Automobiles and other types of vehicles used for transportation are usually regarded as essential to many activities for a large proportion of the population and have usually represented substantial capital expense. Since such vehicles are subject to damage or destruction and may cause personal injury and/or property damage during events that are largely unpredictable, they have been objects of insurance against the economic loss and cost of such damage or liability. Most jurisdictions in the United States and many foreign countries require liability insurance as an incident of licensing for operation of such vehicles while many vehicles are financed and insurance against the cost of damage to the vehicle, itself, is generally required as an incident of such financing or simply to provide for replacement of the vehicle such that a user may have substantially uninterrupted use of a conveyance adequate to their needs.

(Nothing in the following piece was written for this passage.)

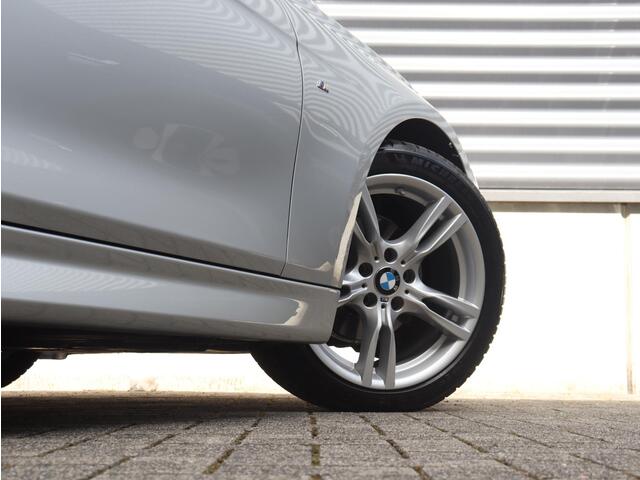 BMW 3-SERIE Touring 320i | High Executive | M Sportpakket | Navi Prof. | Sportstoelen | Getint Glas | LED Koplampen | Climate Control | 18'' LMV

The development of many technologies such as arrays of air bags and computerized engine regulation, light weight and/or impact absorbing materials and parts and exhaust gas treatment which support enhanced safety and reduced environmental impact of the use of such vehicles have recently become available and the inclusion of such technologies in currently produced vehicles has been mandated in the United States and elsewhere while their inclusion has often raised the cost of vehicles to a significant degree. Any such increase in cost, of course, increases the potential liability of the insurer and insurance premiums based principally on vehicle cost have increased accordingly to the point of compromising the ability of some vehicle users to procure and maintain adequate insurance. Therefore, insurance providers have sought to potentially reduce premiums based on the driving records of users and prior insurance claims. However, driving records can contain only historical information and are usually insufficiently complete to accurately reflect the driving habits of particular vehicle users and thus may not accurately predict actual driving habits or the increase or reduction of actuarial risk to insurers.

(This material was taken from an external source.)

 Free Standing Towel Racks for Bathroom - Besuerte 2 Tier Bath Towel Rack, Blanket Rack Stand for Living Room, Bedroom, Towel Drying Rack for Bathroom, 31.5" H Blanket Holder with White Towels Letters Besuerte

In an effort to obtain more current information from which driving habits can be assessed in regard to risk of accidents or insurer liability under an insurance policy, several systems have been proposed to collect information concerning operation of respective vehicles on a substantially real-time basis. Such information can then be analyzed to allow a more accurate assessment of driving habits and the relative risks of insurer liability that may be projected from such driving habits. Many, if not most, of the arrangements that have been proposed to perform such a function provide for collection of information only upon the occurrence of events such as excessive longitudinal or lateral acceleration that are perceived to be correlated with a risk of insurer liability and are, hence, very coarse-grained in the information provided. Further, generation of events that cause reportage may not accurately reflect the true risk incident to particular qualities of individual driving habits and, moreover, may not allow such information to be optimally current. Unfortunately, increasing currency or making collected data more fine-grained by altering thresholds of vehicle operation condition events which will cause an event to be reported carries a large cost in number of vehicle operating conditions reported and transmitted as well as in storage and processing of increased amounts of collected vehicle operating condition data. Further, such increased volume of collected data due to alteration of reporting thresholds will be incrementally less and less correlated with the risk of insurer liability.